Man went to the moon for the first time in August 1969, when Neil Armstrong and his team went with NASA. I was six years old then (don’t tell anyone!). I saw a motorised wheelchair for the first time in 1991. Why did it take so long for the motorised wheelchair to be invented? Well, in fact, it was invented in 1916, would you believe it? But it was not commercially available until much later. When did you see one?
I think wheelchair users have not been treated fairly. There used to be a horrible joke: Which part of the vegetable can’t you eat? The wheelchair. There was a young man talking about what meeting people of the opposite-sex is like as a wheelchair user. He said that if he is in a pub and he sees somebody looking at him, he has to think, is that person looking at him because they find him attractive, or because he is in a wheelchair.
I remember the days when you did not see a disabled toilet. I do remember the campaign for it in the 80s. Why did it take so long to make a disabled toilet? All that was needed was a wider door, rails, a wider seat and a wider brain for some common sense!
A map has been designed for wheelchair users. But why was this map not designed when they first invented the tube in 1862? Wheelchair ramp for the bus is very good idea. The Para Olympics is a fantastic idea. It is brilliant that they can take part and win a gold medal just like anybody else, but why were they not allowed to take part when the modern Olympics first started in 1896? Banks now have shelves lower than the counter so that they can do their signature from their wheelchair. We now also have showers, baths and stair-lifts for wheelchair users. Some theatres have a space reserved for wheelchair users, but they request somebody comes with them, and some museums will give a free ticket to the carer of a disabled person, so they can go in with them.
Shop Mobility is an organisation that hires out motorised wheelchairs. It is run by the Civic Centre for Haringey Council .It is in the Wood Green library arcade. It is open from 10.30am to 5pm. It costs £2.50 for a non member to hire a wheelchair and £2 for a member. The shop mobility has 10 chairs in stock and it is staffed by Sandra and Doreen who are working there on a voluntary basis.

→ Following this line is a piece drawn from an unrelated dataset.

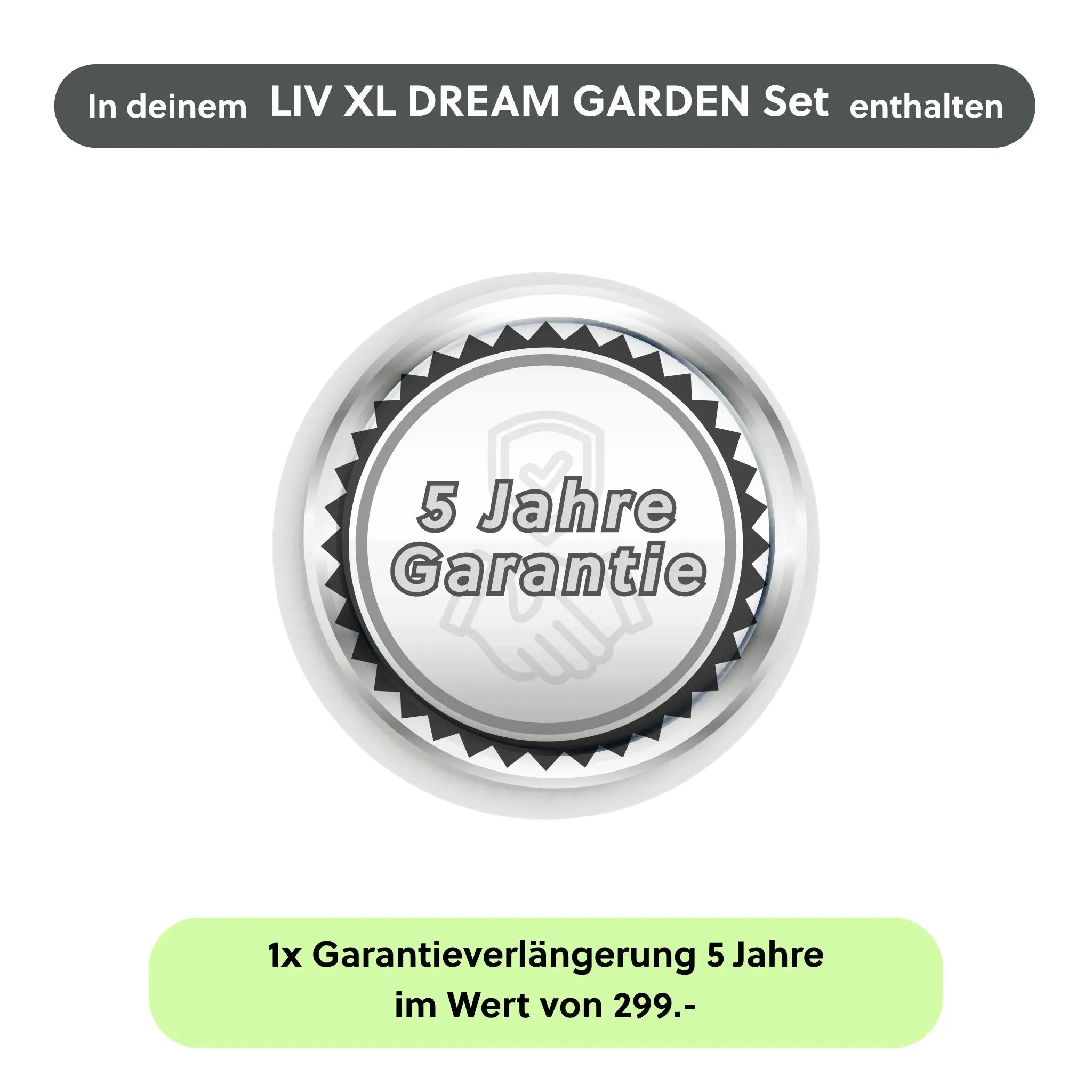Wasserwand LIV XL DREAM GARDEN SET - CLIMAQUA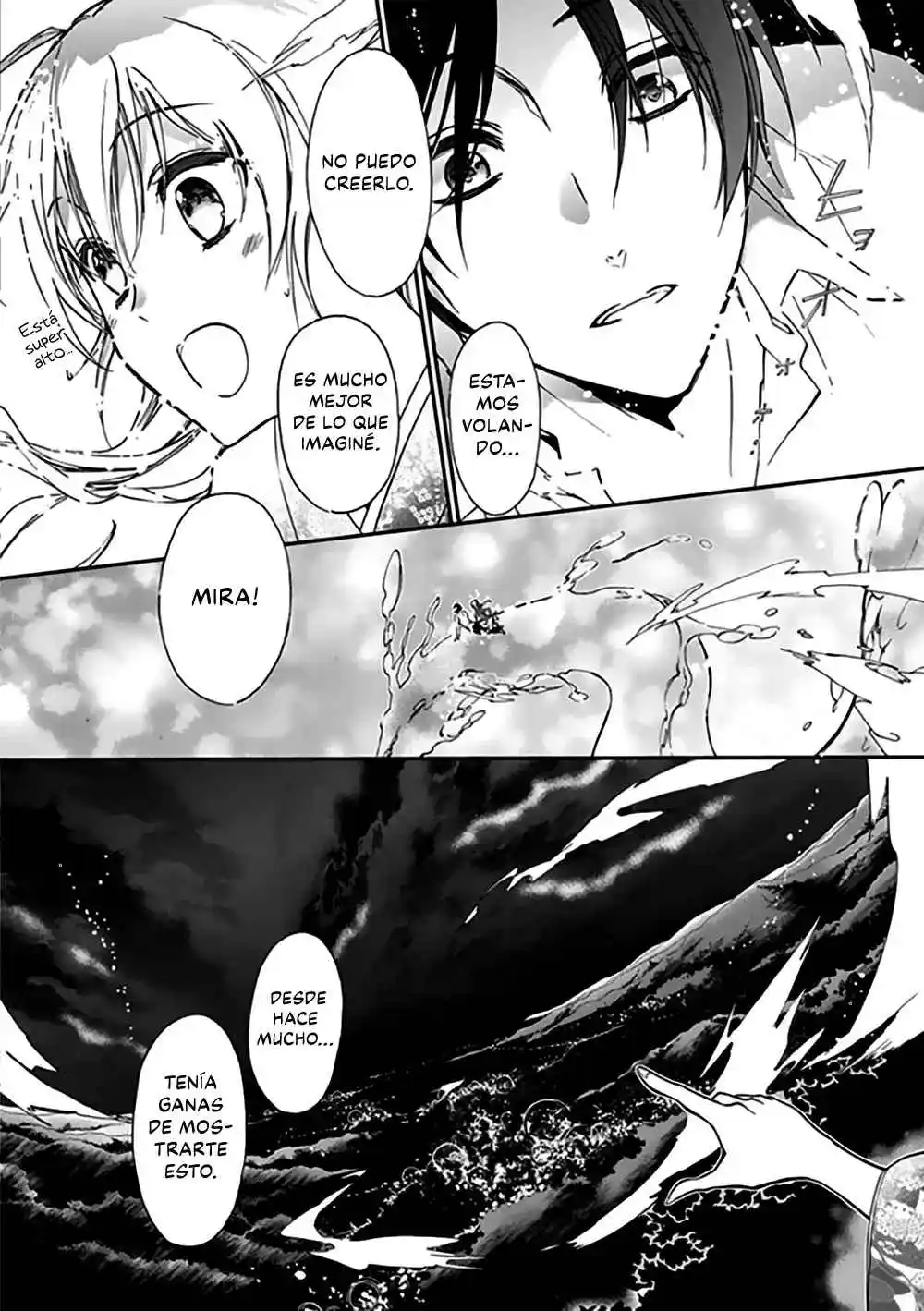 Momochi-san Chi No Ayakashi Ouji - Capítulo 35 - Página 17 - LectorTMOo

London Underground has 6 stations which are step free from street to platform . These are shown by a blue wheelchair on a white background. On the Tube map some of these stations are step free from street to train, these are shown by a white wheelchair on a blue background. Tflgov.uk/
At a number of stations, platform humps have been installed. These raise the platform to the level of the train, allowing wheelchair users to board more easily.
Dedicated Wheelchair spaces are available on Victoria and District lines and on new Metropolitan lines trains. You may not travel on escalators while in your wheelchair. However, if you are able to stand on the escalator, staff may be able to assist with carrying your chair. There is also assistance for blind or deaf customers.
Ramps are currently available to help you board trains at some stations i.e Oxford Circus, Bakerloo line (interchange only).
I would like to see the day when somebody in a wheelchair goes to the moon in a rocket – what perfect unity! As human beings on planet earth we are suppose to be intelligent. We have so many ways of communicating, so much access to technology – why not use it to help each other! To make things better for wheelchair users is not rocket science.